*Exercise details*
Images should be omitted while the rest of the data is duplicated exactly.

*Material provided*
- Opening Delimiter -

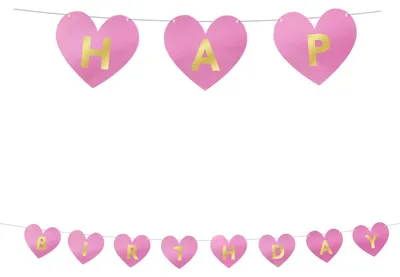 Produktbild von Geburtstagsbanner „My Little Princess“, 2 m, 1 Stück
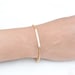 Dainty Personalized Name Bracelet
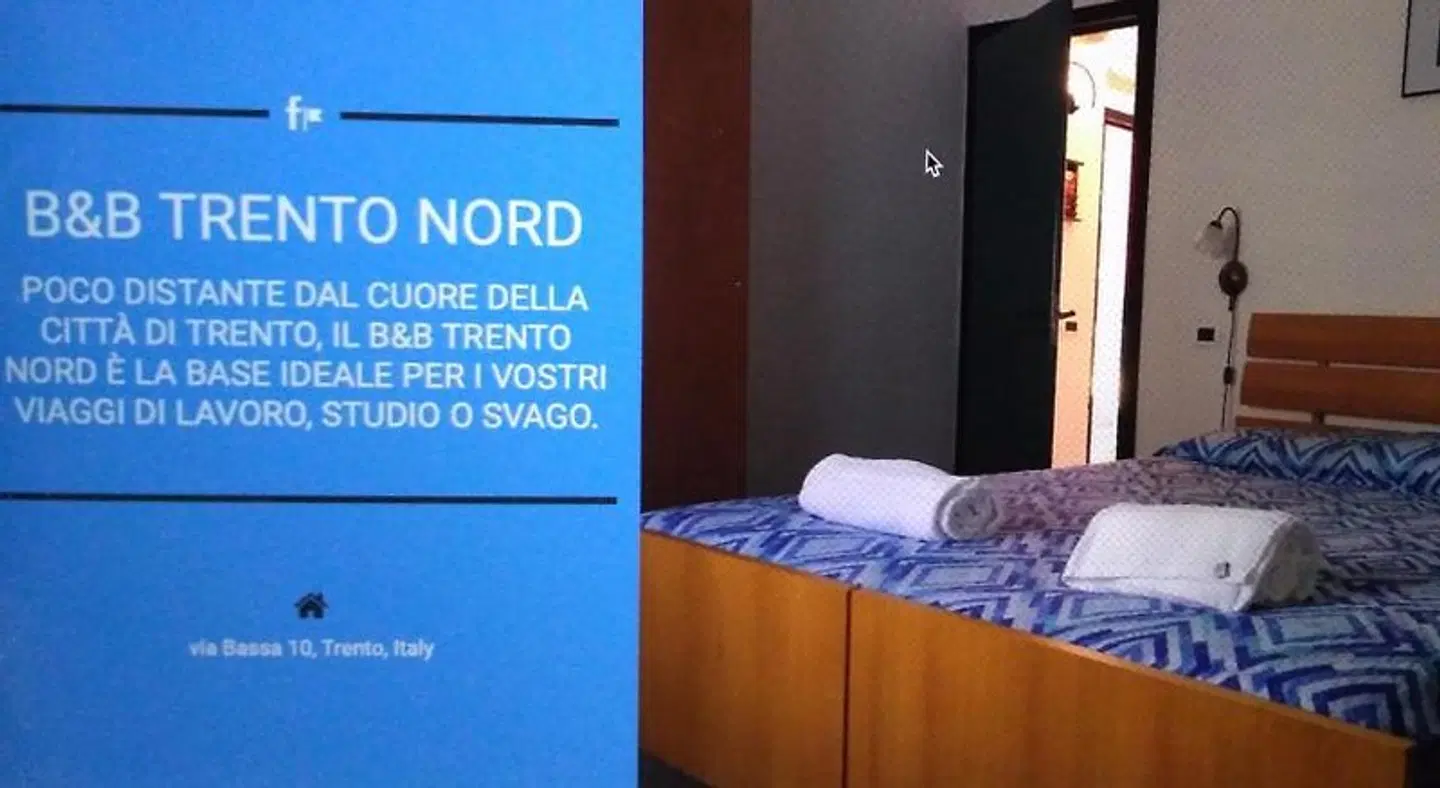 B&B Trento Nord HEALTH_BEAUTY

- Closing Delimiter -

*Exercise answer*
 Produktbild von Geburtstagsbanner „My Little Princess“, 2 m, 1 Stück
 Dainty Personalized Name Bracelet
 B&B Trento Nord HEALTH_BEAUTY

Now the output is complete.